By Thanksgiving, USM's new Veterans Upward Bound program will be reaching out across Maine to low income veterans, particularly those who would be the first in their family to graduate from college.

The program will be funded by a $263,938 grant through the U.S. Department of Education's Veterans Upward Bound Program. The grant was recently announced by Maine Senators Susan Collins and Angus King.
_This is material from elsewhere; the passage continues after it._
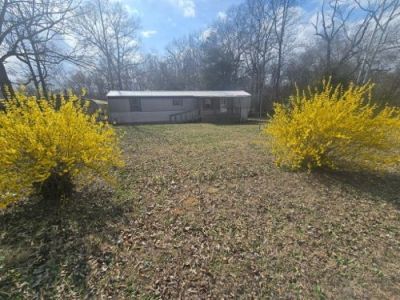 599 Overhead Bridge Rd, Camden, TN 38320 Main Photo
It will be run by USM's TRIO office, which already runs a variety of services including a traditional Upward Bound Program aimed at introducing college to low income high schoolers.

The new program will work as a one-on-one resource for veterans to examine their readiness for college, access any needed tutoring and apply to their chosen school.

"TRIO programs like Veterans Upward Bound provide vital assistance to low-income veterans seeking to become first-generation college students," Senators Collins and King said in a joint statement. "We are pleased that this essential program that gives veterans the resources and support they need to succeed in postsecondary education will now be offered across Maine."

The work is part of ongoing efforts to assist veterans at USM. Of Maine's 119,058 veterans, 7,954 are low-income and 89,179 do not have a bachelor's degree and are highly likely to be potential first-generation college students.

"At the University of Southern Maine, we have nearly 350 student veterans -- the highest number of any college or university in Maine -- and we've made it our mission to help them achieve and excel in their academic goals," said Glenn Cummings, USM's president. "I am pleased that our University's TRIO Program has been selected for this grant that will help 125 veterans each year to prepare them for higher education -- it's a life-changer, and we're proud to be supporting and giving back to those who have given the highest level of sacrifice to our nation."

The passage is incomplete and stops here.